Once he had learned how to play guitar, he started writing his own songs and eventually booked a gig at a bar. He borrowed his neighbor's guitar because his was not acoustic-electric, and his friend lent him his PA speakers. He played in front of 200 people who paid a dollar each to see him, and he made 200 dollars that night. This experience made him realize that he loved performing and songwriting, and it was a life-changing moment for him. From that point on, he pursued music with passion and never looked back.
First Gig and Positive Reception
After teaching himself how to play guitar, Luke booked his first gig at a bar where his rugby team hung out. He borrowed his neighbor's guitar and his friend's PA speakers. He sat on a stool and played his own songs to a crowd of 200 friends who paid a dollar each to see him. That night, he made $200, which was more than what he earned in a week from both of his jobs.
Luke was ecstatic. He loved performing and having fun with his friends. It was a true "aha" moment that changed his life forever. From that point on, he was hooked and saw no hard work in pursuing his passion for music.
Luke's positive reception at his first gig encouraged him to continue pursuing music. It was a turning point in his life that opened a new door of possibilities.
Realization and Life-Changing Decision
Luke had always thought that the only option for him was to become a music teacher. However, he was not good at reading music and struggled with math. He even tried to read music but failed. He took an advanced placement music theory class in his senior year and got a D. He also tried out for Allstate chorus three years in high school but failed because he couldn't read music.
After his junior year in college, Luke moved back home to Asheville and had a hard time finding his purpose in life. One day, his mom encouraged him by telling him that Kenny Chesney and Tim McGraw didn't even learn to play guitar until they were 21 years old. This inspired Luke to pick up the guitar his parents had bought him in seventh grade but never played. He spent the entire summer teaching himself how to play the guitar and became obsessed with it.
By the time he was 22, Luke was back in school and starting to write his own songs. He booked a gig at a bar and borrowed his neighbor's guitar. 200 of his friends came out to see him and paid a dollar each. He made $200 that night, which was more than he made in both of his jobs that week. This experience was life-changing for Luke. He realized that he loved performing and that it just made sense to him. He had found his passion and never looked back.
Luke Combs On His Rare OCD & Mental Health | Joe Rogan | JRE 1956
People with OCD often experience intrusive thoughts that result in a cycle of anxiety and compulsive behavior. This type of OCD is known as "purely obsessional OCD," where unanswered questions in the person's mind trigger the need to find an answer through rituals. These thoughts can be related to anything, from religion to violence, and can shift over time, causing a great deal of distress.

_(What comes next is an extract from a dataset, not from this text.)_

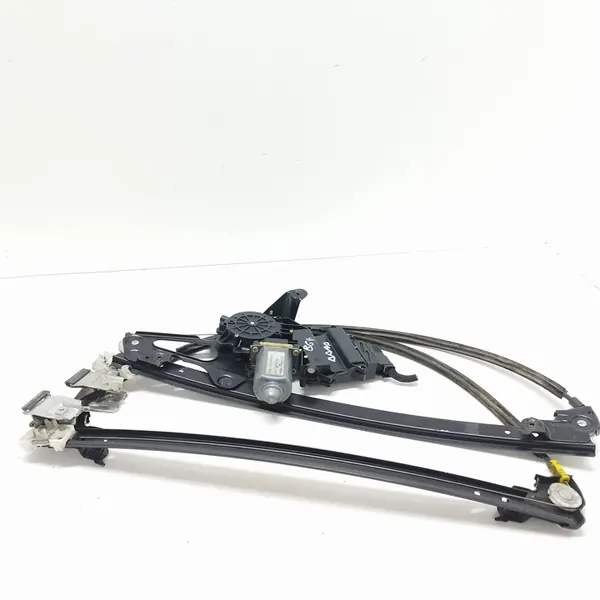 Elevador de vidro dianteiro Seat Alhambra 2003 7M0837462 image 4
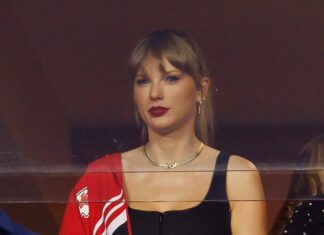 Taylor Swift's Super Bowl Squad Includes Blake Lively and Ice Spice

Living with OCD can be challenging, as the disorder can be all-consuming and impact every aspect of a person's life. Coping mechanisms, such as accepting uncertainty and living with the paradox of OCD, can help manage symptoms. Understanding the different types of OCD and the role of fear and uncertainty in the disorder is essential to finding effective ways to cope.
OCD, or Obsessive Compulsive Disorder, is a mental health condition that affects an individual's thoughts and behaviors. It is characterized by the presence of obsessions, which are intrusive and unwanted thoughts, images, or urges that cause significant distress, anxiety, and fear. The individual may engage in compulsions, which are repetitive behaviors or mental acts that are performed in response to the obsessions. These compulsions aim to reduce the anxiety caused by the obsessions or to prevent a feared outcome.
There are different types of OCD, and one of them is Purely Obsessional OCD. This type of OCD is characterized by the presence of unanswered questions in an individual's mind that can never be answered. The individual becomes obsessed with finding an answer to these questions, which leads to anxiety and distress. Purely Obsessional OCD does not involve visible compulsions, but the individual may engage in mental rituals, such as seeking reassurance or checking their thoughts.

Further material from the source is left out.